Another item in the official biography is her stint as general counsel for the company that published Esti Hírlap between 1992 and 1994. Well, the innocent sounding Esti Hírlap also has a history. According to my informant Esti Hírlap was the afternoon party tabloid (naturally also published by Lapkiadó Vállalat), widely considered to have been the semi-official organ of the secret service and in general of the Ministry of the Interior. Apparently Esti Hírlap, even after the regime change, was largely staffed by old-timers inherited from the Kádár regime.
So, it seems that Mónika Karas is one of those who transitioned easily from the communist media to the far-right media. By the way, those who want a sense of István Csurka’s anti-semitic Magyar Fórum at the time that Karas was working for Csurka’s company should read Zsófia Mihancsik’s article in Antiszemita közbeszéd Magyarországon 2001-ben (see pp 77-90), which contains a wide selection of quotations from Magyar Fórum.

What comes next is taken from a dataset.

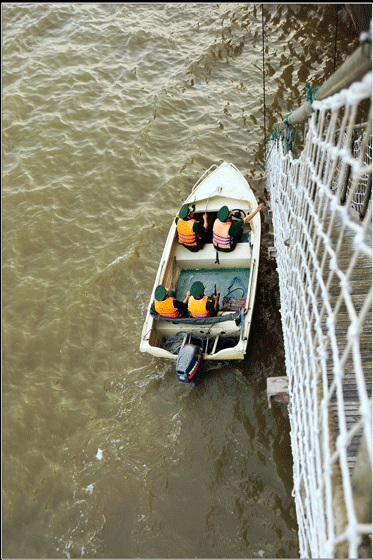 Cặp tàu kiểm tra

Not surprisingly, all the opposition leaders are up in arms. Gergely Karácsony talked about the Karas appointment in the name of Együtt 2014-PM. He promised to ask János Áder not to put his signature on Karas’s appointment. But János Áder, who is just as much a puppet as Karas, is highly unlikely to accommodate. Karácsony called attention to recent signs pointing to the expansion of the Fidesz media empire. For instance, Századvég, a Fidesz think tank largely financed by the government, just purchased the economic daily Napi Gazdaság. Appointing the legal representative of the Simicska-Nyerges media enterprise will only solidify Fidesz’s hold over the media.
Ildikó Lendvai (MSZP) emphasized the international implications of the appointment. You may recall that the first serious clash between the European Commission and the Orbán government occurred over the media law. The conflict eventually ended with some minor adjustments to the media law but its essence remained pretty well untouched. By appointing Karas, Viktor Orbán’s message to Brussels is: “we are not going to change our media policies.”
Indeed, Fidesz’s grip on the media is as tight as ever and its media empire continues to expand. And, making sure that things will remain this way, perhaps until 2022, will be Mónika Karas.